# [SOLVED] cups client does not see cups server

## rainer

I'm a bit embarrassed to post this here: The machine that has the problem has Sabayon running...

I have tried the Sabayon forum (one friendly reply but missing the point), the cups forum (no reply) and my local LUG (no reply). So I dare to post it here because the cups server is a Gentoo machine and I don't think that it's a pure Sabayon problem. But I'm ready to take some flames...

In my family / home office network, I have a small server that I use for some services, among others to provide networked printing. It's a first generation fitpc, running Gentoo. It controls three remote printers, running cups 1.4.1.

We have about eight computers in the house, running Gentoo, Sabayon and Puppy Linux. The machines are all set to see the broadcasting fitpc and use it for printing. The cups versions installed are 1.3.11, 1.4.1. and 1.4.3. Everything works perfectly, and also visitors with Linux or Apple can use our printers instantly.

There is one machine in the network ("augeatur") however, that has lost at some point (incidentally after a Sabayon upgrade) its capability to see the cups server. It is running cups 1.4.3 on a 64bit system, like at one other machine in the network. /etc/cups/cupsd.conf are identical in both machines. augeatur can access through the browser the printers on fitpc (http://fitpc:631) - but the local cups client cannot.

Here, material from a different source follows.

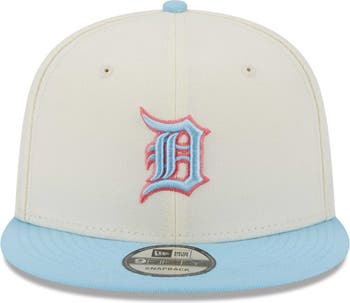 Men's New Era Cream/Light Blue Detroit Tigers Spring Basic Two-Tone 9FIFTY  Snapback Hat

Apart from asking the other forums, I have googled like hell but did not find a hint. Somebody here who can give me a hint where to look?

Thanks, 

RainerLast edited by rainer on Thu May 20, 2010 7:02 am; edited 1 time in total

----------

## erik258

 *Quote:*   

> But I'm ready to take some flames... 

 

I've yet to see a linux forum that's friendlier - or more knowledgeable - than this one.  

 *Quote:*   

> and also visitors with Linux or Apple can use our printers instantly. 

 

And windows too, most likely, although auto-discovery may not work and XP might not be particularly cooperative.  IPP is the norm now, it turns out!

Is the machine running 1.4.3 that does work, also running sabayon, and in all other respects the same?  If not, I'm going to take the easy approach and say Sabayon's at fault... worthless binary distro...  [ kidding, sabayon lovers, kidding ] ; )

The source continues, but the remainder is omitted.